Nach Einschätzung des Professors haben die Beamten nicht nur korrekt, sondern sogar vorbildlich gehandelt, weil sie eine mögliche Eskalation vermieden hätten. Dagegen seien die Demonstranten nicht bereit gewesen, sich gesetzeskonform zu verhalten. Auch Minister Rhein bekräftigte, die Polizei-Strategie sei „sehr stark auf Deeskalation“ ausgerichtet gewesen.

Die Opposition hielt dem Minister vor, dass Brenner mehrfach für die CDU gearbeitet habe und seit 2010 im Parteigericht der Bundes-CDU vertreten sei. Es dränge sich der Verdacht auf, dass er wegen seiner Parteinähe ausgewählt worden sei, sagte der Grünen-Innenpolitiker Jürgen Frömmrich. Andere Verfassungsrechtler wie Hans Herbert von Arnim, Joachim Wieland und Christoph Gusy hätten schließlich schwerwiegende rechtliche Bedenken gegen den Polizei-Einsatz geltend gemacht.

Boris Rhein entgegnete, er habe von Brenners Amt im CDU-Gremium nichts gewusst. Der Professor sei ausgewählt worden, weil er Zeit gehabt habe, das Gutachten in relativ kurzer Zeit zu erstellen. Bei der antikapitalistischen Demonstration am 1. Juni in Frankfurt hatte die Polizei mehr als 900 Teilnehmer stundenlang eingekesselt. Als die Situation eskalierte, setzten die Beamten Schlagstöcke und Pfefferspray ein. Mehrere Menschen wurden verletzt. Die Landtagsfraktion der Linken, die vollständig bei der Demonstration anwesend war, nannte das Vorgehen einen „Polizei-Überfall“. Dem widersprach Minister Rhein entschieden. Es habe massive Angriffe auf Polizisten gegeben.
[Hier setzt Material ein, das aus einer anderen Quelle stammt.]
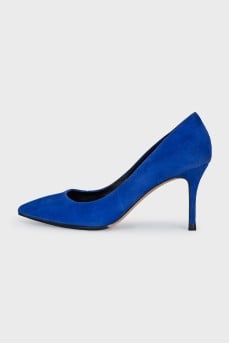 Blue suede pumps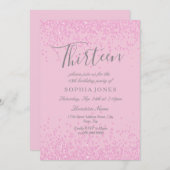 ピンクグリッターガールズ13thバースデーパーティー招待状 招待状 (正面/裏面)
Vier Stunden lang wurde der Minister befragt, der schon vor gut zwei Wochen im Ausschuss unter Beschuss gestanden hatte. Dabei betonte Rhein erneut, dass er keinen Einfluss auf Entscheidungen der Polizei genommen habe. „Unter gar keinen Umständen mische ich mich in eine polizeiliche Maßnahme ein“, formulierte er. Die Polizisten seien die Experten. „Ich möchte keine politische Polizei.“

Er sei per SMS laufend über den Stand unterrichtet worden, fügte Rhein hinzu und verlas eine Reihe solcher Kurznachrichten des Lagezentrums an ihn. Rheins Büroleiterin und sein Pressesprecher waren während der Demonstration anwesend. Mit ihnen habe er aber an dem Einsatztag nicht gesprochen.
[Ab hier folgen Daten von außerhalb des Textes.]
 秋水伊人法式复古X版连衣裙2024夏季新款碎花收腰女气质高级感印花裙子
Rhein räumte ein, es sei „nicht auszuschließen, dass es vereinzelt eine Überreaktion“ von Beamten gegeben habe. Dies werde die interne Arbeitsgruppe der Polizei untersuchen. Falls sich ein Fehlverhalten von Polizisten herausstelle, werde dies dienstrechtliche und strafrechtliche Konsequenzen haben.
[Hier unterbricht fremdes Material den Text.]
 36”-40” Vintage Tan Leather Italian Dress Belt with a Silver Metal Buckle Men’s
So bestätigte der Minister, dass der Einsatz von Pfefferspray aus einer Entfernung von weniger als einem Meter untersagt sei, wenn er nicht aus Notwehr erforderlich sei. Unter dem ungläubigen Gelächter von Oppositionsabgeordneten sagte Rhein, bisher lägen ihm aber keine Hinweise „über den missbräuchlichen Einsatz des Reizmittel-Sprühgeräts“ vor. So wird das Pfefferspray offiziell bezeichnet.